Capable de mesurer instantanément la consommation électrique à l’échelle d’une ville et même d’une région, le compteur Linky pourrait permettre à Enedis de «récupérer de l’électricité pour la revendre ailleurs sur une bourse d’énergie en générant ainsi du profit sur le dos de ses clients», ajoute José Lavictoire. «Toutes les données générées par ce compteur appartiennent aux clients. En aucun cas, elles ne peuvent être utilisées sans son accord, répond la chargée de communication d’Enedis. En tant que prestataire de services publics notre mission est encadrée. Nous sommes soumis à des règles. La Commission nationale de l’informatique et des libertés (Cnil) a procédé à un contrôle dans nos locaux l’année dernière. Elle devrait rendre ses conclusions cette année. Nous ne sommes pas inquiets sur ce point.»

«Perdu d’avance»

Pétitions de locataires de l’office HLM, courriers individuels… Jean-René Etchegaray, 65 ans, le maire de Bayonne (UDI) et président de la communauté d’agglomération du Pays basque, a reçu des centaines de lettres d’habitants opposés à l’installation du boîtier «communiquant». «Dans cette histoire, Enedis a agi comme un éléphant dans un magasin de porcelaine. Ils créent le trouble dans l’esprit des gens en leur disant que c’est obligatoire, que c’est une directive européenne et que les maires n’ont aucun pouvoir, s’agace l’édile bayonnais, avocat de formation. La délégation de service public au Sdepa nous interdit d’empêcher l’installation. C’était perdu d’avance sur le plan juridique. Toutes les communes qui l’ont fait ont vu leurs recours annulés. Raison pour laquelle nous avons demandé un moratoire sur les poses au vu du risque de trouble à l’ordre public. En vertu du droit à la propriété et du respect des libertés individuelles, les gens ont le droit d’accepter ou de refuser en connaissance de cause. Nous considérons que le devoir d’Enedis est d’informer chacun de ses clients de cela.» Soutenue par le Sdepa, la position du maire de Bayonne est «remontée jusqu’à Paris» : «La direction d’Enedis a demandé à nous rencontrer. Je l’ai sentie très embêtée…» souligne Jean-René Etchegaray.
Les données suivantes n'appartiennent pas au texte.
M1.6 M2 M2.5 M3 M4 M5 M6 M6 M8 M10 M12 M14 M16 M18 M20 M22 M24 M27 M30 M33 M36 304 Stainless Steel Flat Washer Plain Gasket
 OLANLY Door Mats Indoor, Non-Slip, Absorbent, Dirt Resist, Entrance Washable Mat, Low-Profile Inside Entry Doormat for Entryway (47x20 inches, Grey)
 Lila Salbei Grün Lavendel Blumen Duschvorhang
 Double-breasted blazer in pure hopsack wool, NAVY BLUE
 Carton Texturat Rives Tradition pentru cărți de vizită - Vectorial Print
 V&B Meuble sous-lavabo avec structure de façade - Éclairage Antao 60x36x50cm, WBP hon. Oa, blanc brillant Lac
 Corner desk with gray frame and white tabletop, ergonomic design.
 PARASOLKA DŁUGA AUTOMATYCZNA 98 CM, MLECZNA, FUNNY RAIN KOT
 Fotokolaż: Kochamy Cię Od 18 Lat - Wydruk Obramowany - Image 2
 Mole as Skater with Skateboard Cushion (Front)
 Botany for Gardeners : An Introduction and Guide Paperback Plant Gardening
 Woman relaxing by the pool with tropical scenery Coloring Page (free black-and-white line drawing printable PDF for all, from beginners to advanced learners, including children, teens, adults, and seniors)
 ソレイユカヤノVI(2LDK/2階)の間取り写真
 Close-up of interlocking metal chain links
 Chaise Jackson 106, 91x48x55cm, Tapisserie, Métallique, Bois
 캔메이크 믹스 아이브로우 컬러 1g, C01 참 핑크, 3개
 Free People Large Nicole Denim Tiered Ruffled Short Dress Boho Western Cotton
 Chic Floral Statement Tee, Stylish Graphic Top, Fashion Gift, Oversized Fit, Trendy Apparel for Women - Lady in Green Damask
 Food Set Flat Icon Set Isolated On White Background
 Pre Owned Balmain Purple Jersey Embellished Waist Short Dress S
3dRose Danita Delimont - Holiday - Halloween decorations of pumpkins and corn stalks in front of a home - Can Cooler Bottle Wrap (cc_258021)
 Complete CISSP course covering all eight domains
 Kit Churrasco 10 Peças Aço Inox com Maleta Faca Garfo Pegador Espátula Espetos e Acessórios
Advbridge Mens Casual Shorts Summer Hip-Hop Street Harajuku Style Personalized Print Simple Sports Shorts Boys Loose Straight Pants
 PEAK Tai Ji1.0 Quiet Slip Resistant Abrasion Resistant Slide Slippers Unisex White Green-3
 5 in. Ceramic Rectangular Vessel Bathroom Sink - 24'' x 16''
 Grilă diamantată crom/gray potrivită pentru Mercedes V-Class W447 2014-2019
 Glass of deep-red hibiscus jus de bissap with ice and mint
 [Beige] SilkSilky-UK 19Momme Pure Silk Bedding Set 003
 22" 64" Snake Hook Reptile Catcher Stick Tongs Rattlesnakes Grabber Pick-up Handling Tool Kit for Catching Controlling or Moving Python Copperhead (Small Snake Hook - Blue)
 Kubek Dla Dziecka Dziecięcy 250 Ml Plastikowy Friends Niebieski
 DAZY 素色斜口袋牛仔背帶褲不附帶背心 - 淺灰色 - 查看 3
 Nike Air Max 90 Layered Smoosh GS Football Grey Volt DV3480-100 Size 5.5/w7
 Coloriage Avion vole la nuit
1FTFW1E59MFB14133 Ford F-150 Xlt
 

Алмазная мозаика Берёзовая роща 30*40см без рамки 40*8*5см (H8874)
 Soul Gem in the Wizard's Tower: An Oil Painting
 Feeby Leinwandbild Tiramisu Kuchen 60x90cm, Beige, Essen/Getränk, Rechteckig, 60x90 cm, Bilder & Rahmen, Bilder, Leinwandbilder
Retour à Ahetze, sur le perron de la maison de Philippe Alvarez. «Dans mon travail d’électricien, je rencontre beaucoup de gens qui ne savent pas que leur compteur a été remplacé. La plupart d’entre eux ignorent comment il fonctionne. Au final, on sera tous obligés d’y passer : c’est le progrès, l’avenir. Est-ce que c’est vraiment bon ? Je n’en sais rien. Avant, on avait affaire à des gens d’EDF sur le terrain. Depuis quelques années, il faut passer par des centrales d’appel pour avoir une information. On préfère mettre des gens au chômage plutôt que d’avoir de la proximité.»

(1) La capture d’écran d’un document interne d’Enedis relatif à la pose des compteurs, consultée par Libération, notifie le remplacement du compteur sans la présence du client dans tous les cas de figures (propriété privée, immeuble en copropriété).